The U.S. recovery efforts on the island had been slow. Buchanan explained that resources were lacking, but added that it wasn’t the military’s fault.”We didn’t have ports open,” he said. “In retrospect, we could have conducted an airborne operation — flown troops in and have them jump out of an airplane. But that’s not really what those guys are designed to do.”
That response isn’t enough for Pedro Falto Aizpurua, 33, a business analyst and Puerto Rican American living in the D.C. area. His immediate and extended relatives were directly impacted by Maria but with no way to connect to them due to the amount of destruction, he felt helpless. Also knowing that people were suffering and without any help added to that sense of helplessness.
The U.S. recovery efforts on the island had been slow.

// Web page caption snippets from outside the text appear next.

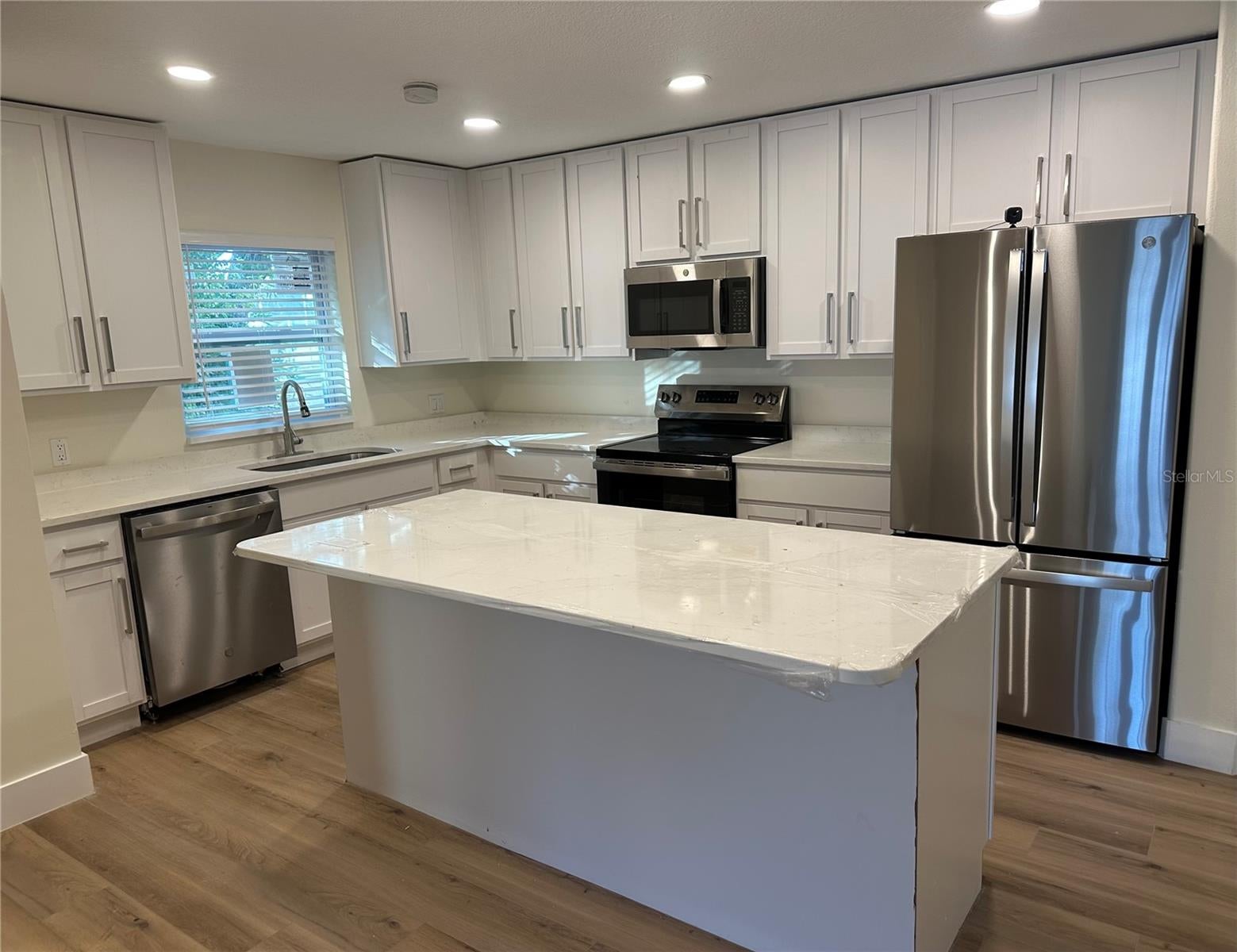 3111 W Spruce St, Tampa, FL 33607 photo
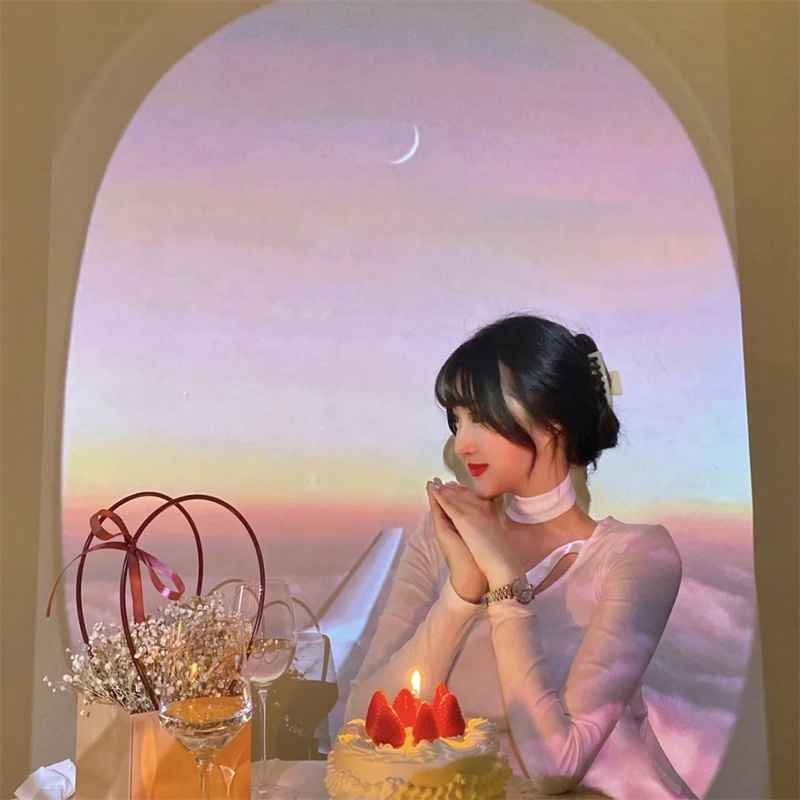 Đèn led Chiếu Sân Khấu Họa Tiết Mặt Trăng 7-16 Dùng Trang Trí Giáng Sinh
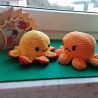 Wendekrake gehäkelt als Kuscheltier und Geschenk für Geburtstage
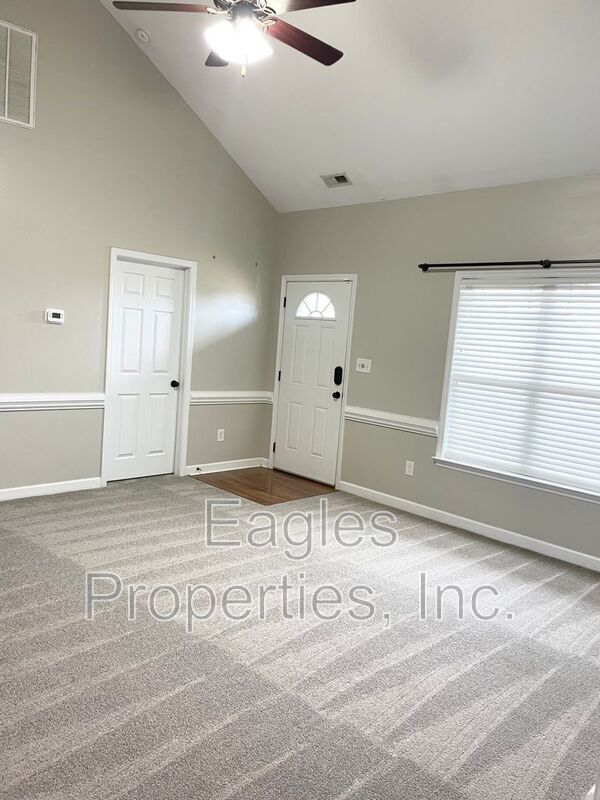 Photo - 117 Kenison Way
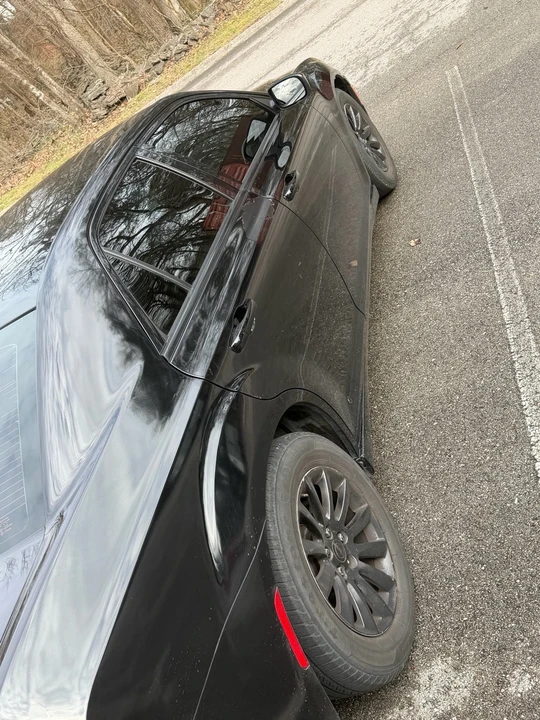 2019 Chrysler 300 (2005-2023) - Image 2 of 7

“It is very frustrating to see the actions of the American forces, who above anything are logistical experts. They are able to deploy hundreds of thousands of people, resources, and supplies to war zones in days,” Falto Aizpurua explains. “The response was inadequate because it does not recognize the magnitude of the effects of the storm in the island. Once the effects were visible, the federal government did not seem to care and only prioritized their efforts in zones that were not severely affected. ”

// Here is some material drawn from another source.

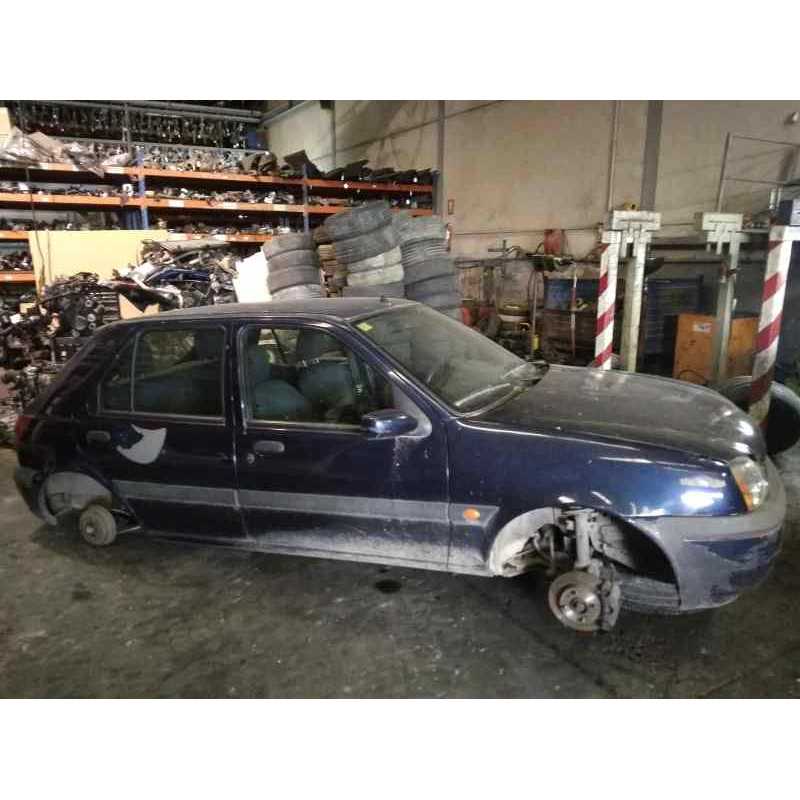 ford fiesta berlina (dx) del año 2000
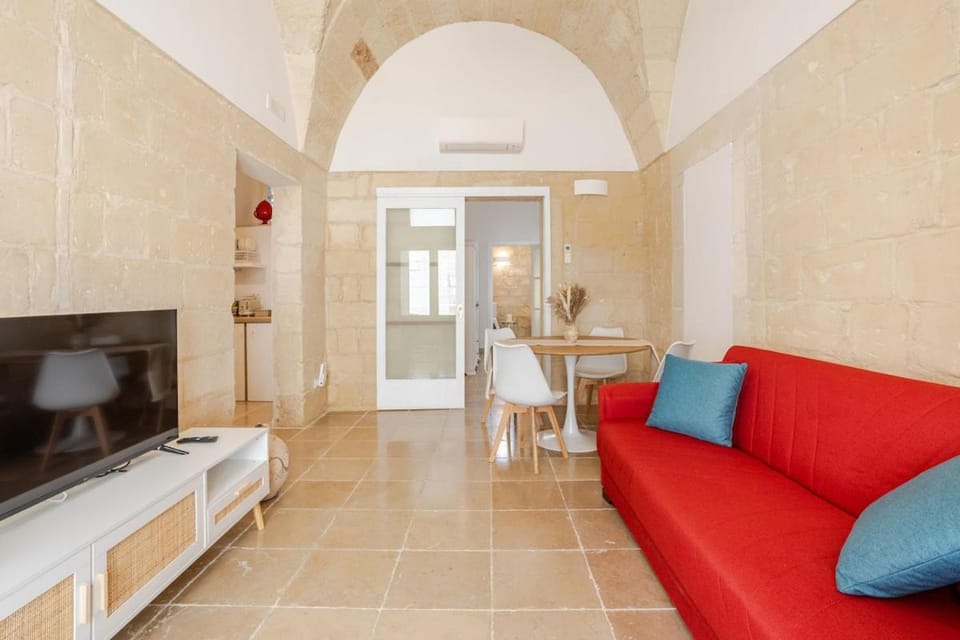 TV and multimedia, Living room, Seating area, air conditioner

He’s not the only one who feels frustrated by the government’s lackluster effort. Thousands marched on Capitol Hill on Nov. 19 to remind lawmakers that Puerto Rico and its some 3.4 million residents are still a priority. The Unity March for Puerto Rico included “Hamilton” creator Lin-Manuel Miranda, a Puerto Rican American. He reminded the island that they “are not forgotten,” and that “we can keep raising money, but it’s not gonna do any good if the government doesn’t help us.”
Meanwhile, the island’s governor, Ricardo Rossello said that 80% of the island will have power by the end of this month and 95% by the middle of December, other figures aren’t backing it. The U.S. Army Corps of Engineers puts that number at 75% – at the end of January.
However, in that time residents are stuck finding their own ways of bringing electricity to their homes, and it’s not cheap. According to a report from Bloomberg, “Generators are selling at a premium, and plugs that once sold for $16 now cost about $60.” Not to mention that prices for basic food items and water have skyrocketed. Even the capital San Juan puts up with blackouts on a regularly, despite having more accessibility to power.
This sense of abandonment from the Trump administration is real.
Many have noticed that recovery efforts post-Maria seemed to be less prioritized than those of Harvey and Irma. For some, it’s a slap in the face reminder of Puerto Rico’s inconvenient colonial-esque status as a U.S. territory. Meanwhile, the rest of the diaspora is wondering if their status as a territory needs to be re-evaluated after feeling forgotten by the country.
This sense of abandonment from the Trump administration is real. “There is definitely a racial tinge to this. The colonial matter is seen in the way government reacts, but the racial issue is much more prevalent because it pushes political ideas to become actions,” Falto Aizpurua said. “An island full of Hispanics, with a political status unknown to most Americans, will not get the attention, the support and the aid from the general population, especially the Republican party with its negative record of dealing with minorities.”
There’s another long-term political implication of the U.S. response to Maria: the 2020 presidential election. After the hurricane some thousands of Puerto Ricans took advantage of their American citizenship and left to move to the mainland, mainly going to the red state of Florida. This could potentially swing the traditionally Republican battleground to Democrat. And if conditions don’t improve, some “30 percent of the island’s 3.4 million residents” will leave Puerto Rico according to San Juan mayor, Carmen Yulín Cruz.
As for what the Puerto Rican community should do know, Pedro says it’s the time for reflection, discussion and debate. “This is an excellent moment for the Puerto Rican people and its political class to reorganize and develop new priorities for how the island deals with its own economy, infrastructure, and the relationship it holds with the US.,” he said. “It is an opportunity for the diaspora in the mainland to become more involved in the political process and vote, using this as a reference point to understand how politicians react to our tragedies.” However, he reiterates that this awareness is critical not solely for the Puerto Rican diaspora, but also for “the general population of the US, to be aware of our existence, and to understand that we are also Americans with the same wishes and aspirations.”